◆ The problem ◆
Repeat the lines from the line with "Hello friends, my" to the line with "In this view" in the listing below, keeping both end lines and adding nothing.

┌─ Stored data

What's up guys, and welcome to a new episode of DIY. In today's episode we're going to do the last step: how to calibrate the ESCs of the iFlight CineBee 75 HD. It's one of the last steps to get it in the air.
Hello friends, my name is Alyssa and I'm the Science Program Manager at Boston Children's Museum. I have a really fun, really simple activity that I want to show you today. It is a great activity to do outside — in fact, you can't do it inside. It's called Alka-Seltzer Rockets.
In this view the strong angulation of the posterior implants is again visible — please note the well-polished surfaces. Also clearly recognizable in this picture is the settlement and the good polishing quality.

└─
┌─ Stored data

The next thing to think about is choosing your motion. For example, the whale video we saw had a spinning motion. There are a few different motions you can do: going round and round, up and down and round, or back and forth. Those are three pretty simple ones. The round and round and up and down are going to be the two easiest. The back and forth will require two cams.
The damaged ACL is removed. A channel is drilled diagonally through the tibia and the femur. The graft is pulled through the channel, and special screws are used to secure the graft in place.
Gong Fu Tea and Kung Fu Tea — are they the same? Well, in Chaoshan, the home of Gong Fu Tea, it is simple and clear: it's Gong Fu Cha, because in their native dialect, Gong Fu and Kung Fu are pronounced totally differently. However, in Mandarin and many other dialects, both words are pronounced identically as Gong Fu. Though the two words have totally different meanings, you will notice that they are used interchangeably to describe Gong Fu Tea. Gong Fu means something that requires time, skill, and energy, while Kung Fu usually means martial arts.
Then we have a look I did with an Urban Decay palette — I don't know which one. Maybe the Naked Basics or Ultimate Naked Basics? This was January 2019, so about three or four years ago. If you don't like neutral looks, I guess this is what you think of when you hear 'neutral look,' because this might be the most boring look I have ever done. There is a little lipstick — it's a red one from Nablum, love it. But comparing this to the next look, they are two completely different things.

└─

◆ Your solution ◆
Hello friends, my name is Alyssa and I'm the Science Program Manager at Boston Children's Museum. I have a really fun, really simple activity that I want to show you today. It is a great activity to do outside — in fact, you can't do it inside. It's called Alka-Seltzer Rockets.
In this view the strong angulation of the posterior implants is again visible — please note the well-polished surfaces. Also clearly recognizable in this picture is the settlement and the good polishing quality.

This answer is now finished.